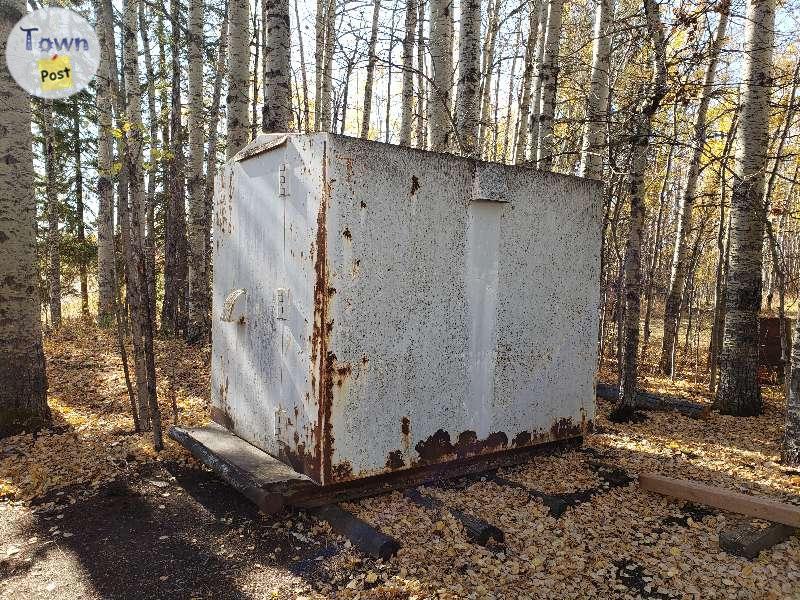 Photo of Gunpowder/explosives magazine, Certified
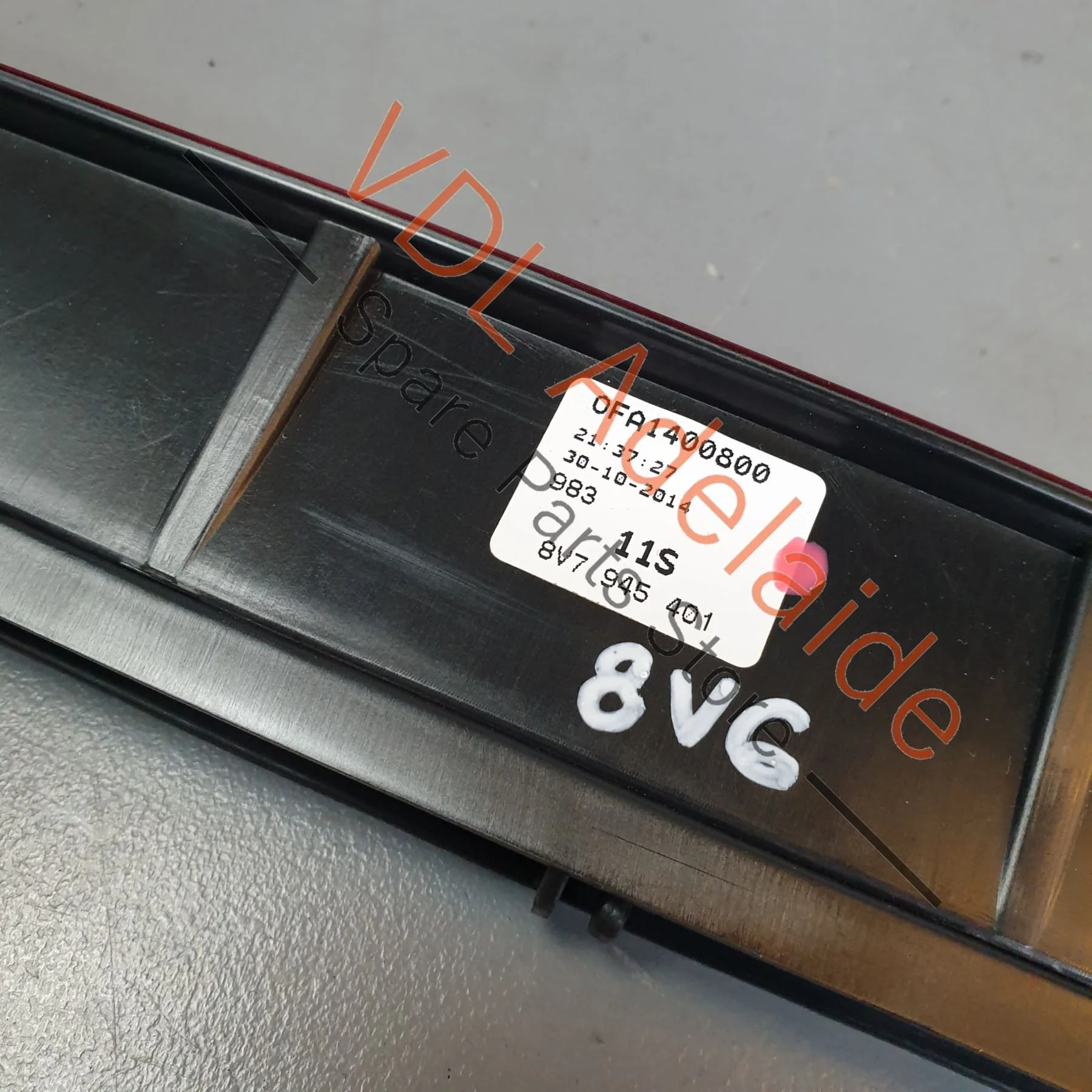 Audi A3 S3 Thrid Middle Centre High Level Brake Light 8V7945087 - Image 5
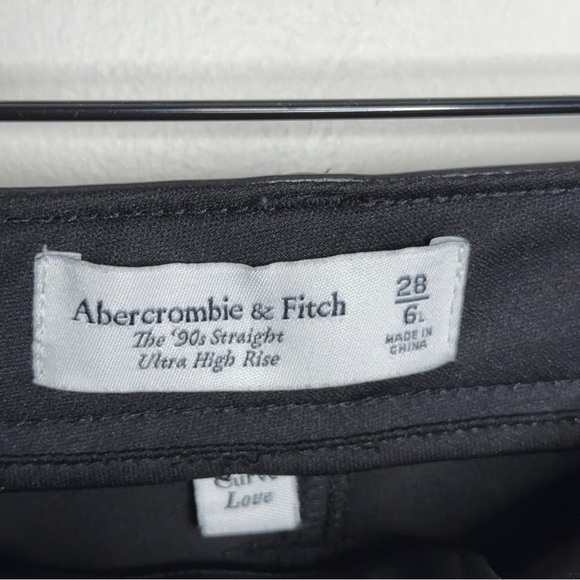ABERCROMBIE & FITCH Curve Love Vegan Leather 90s Straight Pant Black {II17} - Picture 4 of 4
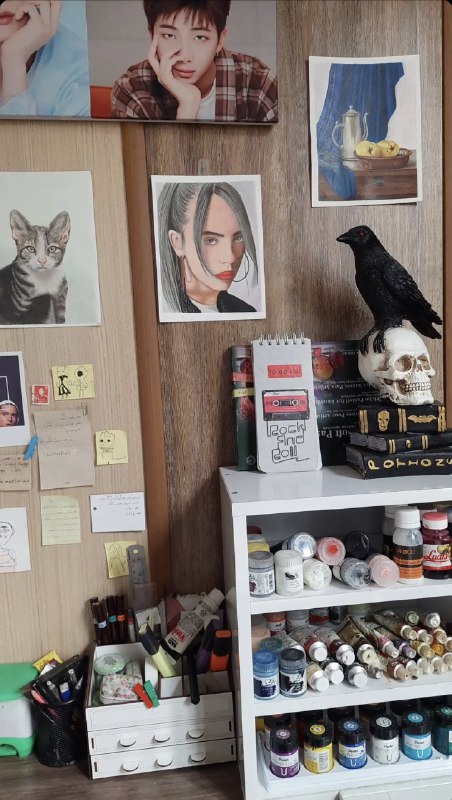 اتاق #آرمیتا_گراوندFSeifikaranماموران امنیتی، خانواده آرمیتا گراوند را برای تغییر زمان مراسم هفتم دخترشان، به شدت تحت‌ فشار قرار داده‌اند.یکی از نزدیکان خانواده گراوند به رادیو فردا گفت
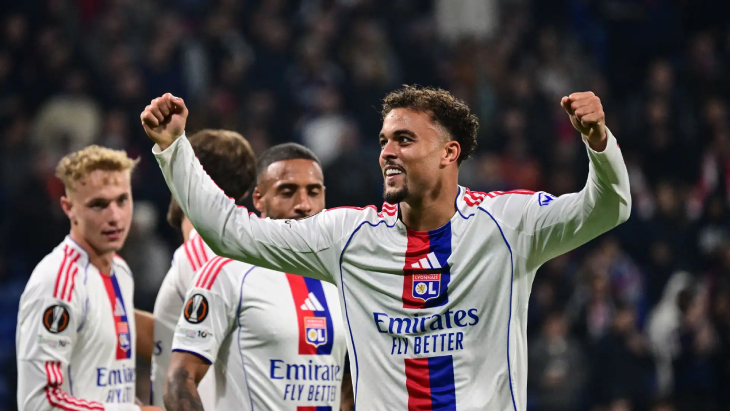 Рубен Клюйверт празднует гол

· · ·

BRIEF
Write out the listing again word for word, but without its pictures.

SOLUTION
 Photo of Gunpowder/explosives magazine, Certified
 Audi A3 S3 Thrid Middle Centre High Level Brake Light 8V7945087 - Image 5
ABERCROMBIE & FITCH Curve Love Vegan Leather 90s Straight Pant Black {II17} - Picture 4 of 4
 اتاق #آرمیتا_گراوندFSeifikaranماموران امنیتی، خانواده آرمیتا گراوند را برای تغییر زمان مراسم هفتم دخترشان، به شدت تحت‌ فشار قرار داده‌اند.یکی از نزدیکان خانواده گراوند به رادیو فردا گفت
 Рубен Клюйверт празднует гол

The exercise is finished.